Management did a good job in explaining the relevance and potential impact of its technological progress when delivering its quarterly activities report at the end of April.

This triggered an increase in the company’s share price of more than 10%.

High profile neighbours

There is no doubting the quality of Bannerman’s resource and the reason it has fallen out of favour can simply be put down to industry dynamics.

With large deposits nearby, it is obvious that Etango is in a highly prospective area.

Uranium deposits in close proximity include Rio Tinto’s Rössing mine, Paladin’s Langer Heinrich mine and China General Nuclear Power Corporation’s Husab mine.

Much of the lead-up work completed

Etango is one of the few uranium projects in the world with a completed definitive feasibility study (DFS) and environmental permitting.

Furthermore, the mine is expected to be a top 10 producer once developed.

Based on the DFS, uranium production is expected to be between seven and nine million pounds per year for the first five years.

Production is then expected to be between six and eight million pounds thereafter.
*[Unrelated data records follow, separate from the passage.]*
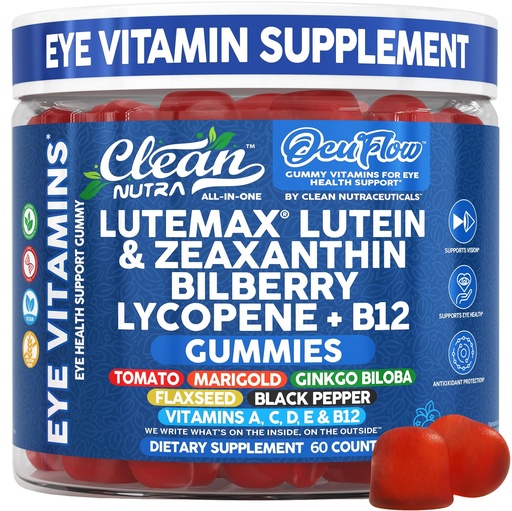 [BRSREZIDCQPQY33D] Clean Nutra Lutein and Zeaxanthin Eye Vitamins Gummies + Bilberry for Eyes Vision Support Ginkgo Biloba Marigold, Vitamin B12 Flaxseed Black Pepper CoQ10 Vitamin A l 60 Count B OcuFlow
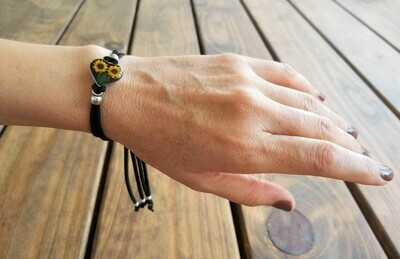 Sunflower Leather Bracelet, Medium Heart, Black Background.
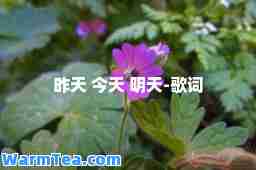 昨天 今天 明天-歌词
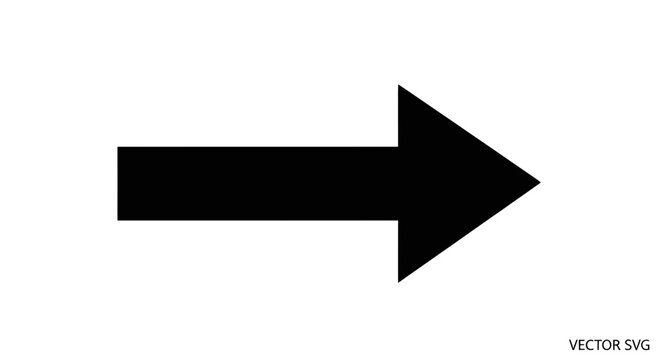 Black Arrow Icon Pointing Right on White Background - Vector Graphic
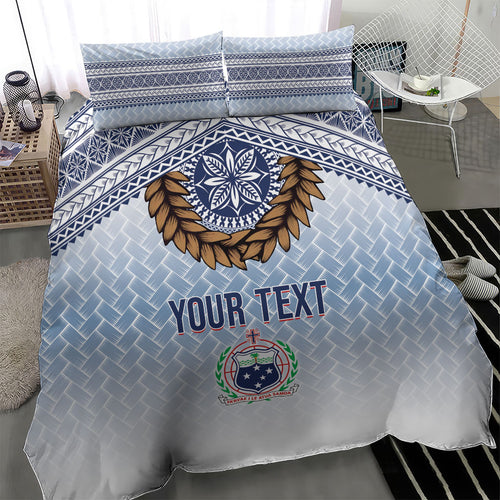 Manu Samoa Rugby Custom White Bedding Set ʻIe Toga Pattern With Brown Ula fala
Based on the DFS, Etango is expected to have a minimum mine life of 16 years with significant expansion potential through the conversion of the existing inferred resource, as well as the deposit being open at depth and along strike.

Prospects further enhanced by new technology

With the industry landscape and uranium pricing having changed significantly since the DFS was completed, Bannerman started a processing optimisation study (OS) in 2017.

It aims to incorporate the favourable results obtained in a Heap Leach Demonstration Plant Program, a development that may significantly change the project dynamics.

The layout design of the demonstration plant took advantage of a historical exploration camp and the topography of the area, and the flowsheet resembles the front-end of the processing plant up to the heap leaching stage.

The potential positive impact on project economics was highlighted further in mid-April when Bannerman outlined the cost savings that could be delivered from a membrane study.

This tested the effectiveness of five different membrane types on two different solution streams, both generated from the Etango heap leach demonstration plant.

READ: Bannerman Resources membrane study delivers cost savings to Etango

The results and recommendations from the processing OS will be incorporated into the DFS update.

This will occur in conjunction with definitive level procurement aimed at capturing the broader cost deflation that has occurred in the resources sector since 2012.

Savings from lower acid consumption

The heap leach test work also consistently showed acid consumption averaging 14.4 kilograms per tonne compared to the DFS projection of 17.6 kilograms per tonne.

The scaled-up acid consumption was reduced to a level of 16.8 kg/tonne.

Further detailed engineering work will be done in the DFS update to accurately reflect the operating savings achieved with this lower acid consumption.

This will also incorporate the other opportunities identified to reduce acid costs such as membrane acid recovery.

Management is targeting further operating cost improvements and it anticipates savings of more than US$3 per pound across the life of mine.

At forefront of global development pipeline

Management said that the continued technical enhancement since the 2012 DFS repositions Etango and has confirmed the technical robustness of the project metrics.

Bannerman noted the globally significant comparators that have been highlighted by the mining and processing optimisation studies and the extensive confirmatory test work.

Management said that these findings placed Etango at the forefront of pending global development projects with targeted annual production at or above two million pounds.